Most people in the United States, if they have mental images of the American Virgin Islands at all, are likely to associate them with sun and sandy beaches, warm water for swimming and pan-Caribbean music. The people who actually live there, if they appear at all, would only be in the background. If for no other reason, Tiphanie
Yanique’s first novel, “Land of Love and Drowning,” is a useful corrective to those images.
The novel follows the family of ship captain Owen Arthur Bradshaw from 1917, when the U.S. bought the islands from Denmark, through World War II, when young soldiers from the islands were exposed en masse to U.S. racism, into the 1960s, as the developing tourist industry became the islands’ major source of income. A constant theme is what it meant for the islanders, with their own culture and history, to become “Americans,” but the social history generally rests lightly on the story; the plot focuses on identity, relationships and myth.
The story centers around Captain Bradshaw’s two daughters, Eeona and Anette, and Anette’s three children Ronalda, Frank and Eve Youme. Eeona, a stunning beauty, has an incestuous relationship with her father from the time she is a child; her impending marriage sends him into a tailspin that ends up with him wrecking his ship and drowning. She never marries but upholds a kind of upper-class snobbery in spite of the poverty that follows. Her beauty turns out to be a handicap — most of the island men don’t want to marry her because other men will always be after her; and the only man who comes close keeps her hidden away until she leaves him.
Anette, who is an infant when her father dies, grows up to be an historian, embracing the islands’ history and dialect. She has a mythic link with her mother’s natal island of Anegada (which means “drowned”), where the people are related to the mythic Duende, mer-type people with backward — turned feet. Anette’s second husband (she divorces the first one) has very dark skin, which in the islands’ social structure means he is lower class than the lighter-skinned families.
Though Anette marries twice, the love of her life, who fathered one of her children, is Jacob Esau McKenzie. In a well-kept secret, he is her half-brother by the captain. As a result of this inadvertent incest, or possibly Anette’s mythic descent, Eve Youme has feet that can turn forwards or backwards like the Duende.

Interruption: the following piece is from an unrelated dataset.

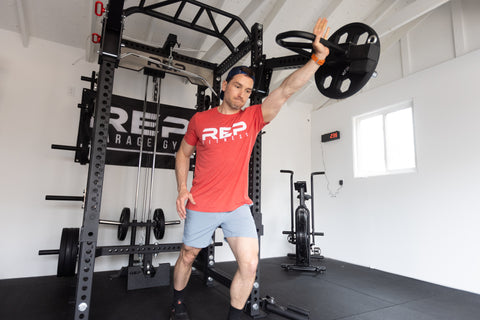 Man working out on power rack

The various threads and themes of the book twist together uneasily. Jacob Esau is possibly the most difficult to understand — as a soldier at a base in New Orleans during World War II, he organizes an armed protest against restaurant segregation that gets him prison and an undesirable discharge; but he lacks the courage to marry Anette against his mother’s wishes and ends up becoming a respectable and rather conservative doctor. When his daughter’s actions inspire a successful movement to reclaim the most important public spaces, the islands’ beaches, from the tourists and white Americans, he stays aloof. It’s not just Jacob who is puzzling, however; most of the main characters make decisions that sometimes puzzle even themselves.
Despite interesting episodes and an effective portrayal of the islands’ culture, the story’s threads never seem to come together and resolve well as a novel. In part, this may be the result of issues never addressed. For example, the culture of the islands at the time of transfer to U.S. ownership is portrayed as self-sufficient, insular and fundamentally innocent. No mention is made of the fact that the Africans in the islanders’ ancestry were slaves on sugar plantations only seventy years earlier; slavery, in fact, is not mentioned in the book. Similarly, Owen Arthur’s incest with Eeona is treated completely matter-of-factly; Owen recognizes that it is “wrong,” but his daughter, at least, never seems to regret or feel damaged by it.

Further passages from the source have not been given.